Московский князь Василий понравился. По-люби пришла многолюдная встреча на Москве и неложная радость московитов, при виде нового владыки. К нему тянулись, заглядывали в лицо. Принимая благословение, падали на колени. Бояре были почтительны (Киевской шляхетской гордости и плохо скрытого пренебрежения, как у окатоличенных русичей и литвинов, здесь не было и в помине). Ему разом прояснело, почто покойный Киприан так упорно цеплялся за Владимирскую митрополию, а давний митрополит Алексий еще тогда, при прежних московских князьях, боролся за перенос кафедры из Киева во Владимир.
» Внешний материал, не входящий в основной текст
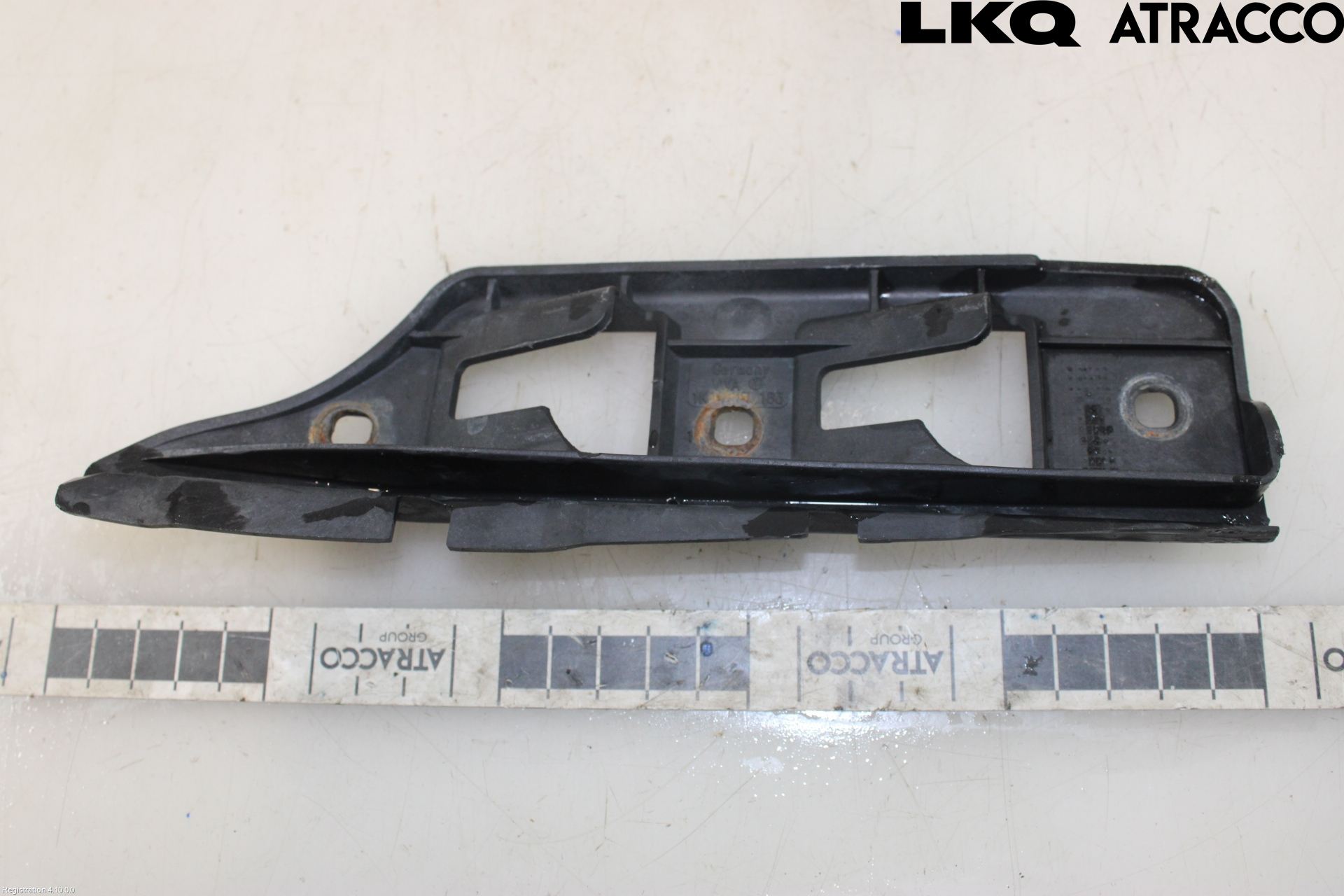 Volkswagen VW GOLF V 04-09 Stötfångarfäste Fram Vä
И все же мысль поселиться не на Москве, а во Владимире, не оставляла его.
…А в общем, он попросту очень устал! В ушах еще стоял громовый тысячеустый клик приветствий, столь мощный, какового он никогда не слышал у себя на родине.
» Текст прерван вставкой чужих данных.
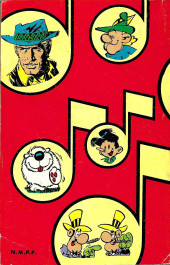 Verso de (Recueil) Tintin (Sélection) -7- Numéro 7 - Ric Hochet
В Киеве он уже вдосталь насмотрелся на крикливую, любопытную, взбалмошную и по-своему добродушную толпу «женок» и «чоловиков», постиг в чем-то разницу галичан и подолян, узрел и так и не понял Витовта, предлагавшего ему остаться в Киеве и вовсе не ездить во Владимирскую Русь… Все было! И была эта сумасшедшая дорога сквозь весенние снега, почти смертельная переправа через Оку по синей холодной даже на взгляд воде, когда они отпихивали шестами остатние, еще плывущие по течению льдины. Он не мог забыть, как выводили с дощаника трепещущих коней, как, почти на руках, выносили его самого, сжимавшего закаменевшею десницей крест и беззвучно повторявшего про себя слова молитвы. Он уже потом, несколько придя в себя, удивлялся бесстрашию местных русичей, обращавших внимание не на бешеный ток воды, готовой перевернуть утлый дощаник, а на выпрыгивающих из воды рыб, прущих к верховьям, дабы выметать икру и умереть, как сказывали ему попутчики. Все тут, в Залесье, так, кажется, называют Московию, было чудно и чудовищно. Всего было чересчур. И для местных русичей он нашел наконец, побродив в дебрях малознакомого языка, свое определение – буйный народ! Буй-тур (это он уже слышал на Киевщине), смелый, храбрый, могучий, самоуправный, кичливый. Буйная головушка, во хмелю буен, буен в бою, буян – драчун, забияка, буян – просторная прогалина, сходбище молодежи. А почему же тогда кладбище, место тихого последнего успокоения – буевище? Многое было ему непонятно тут!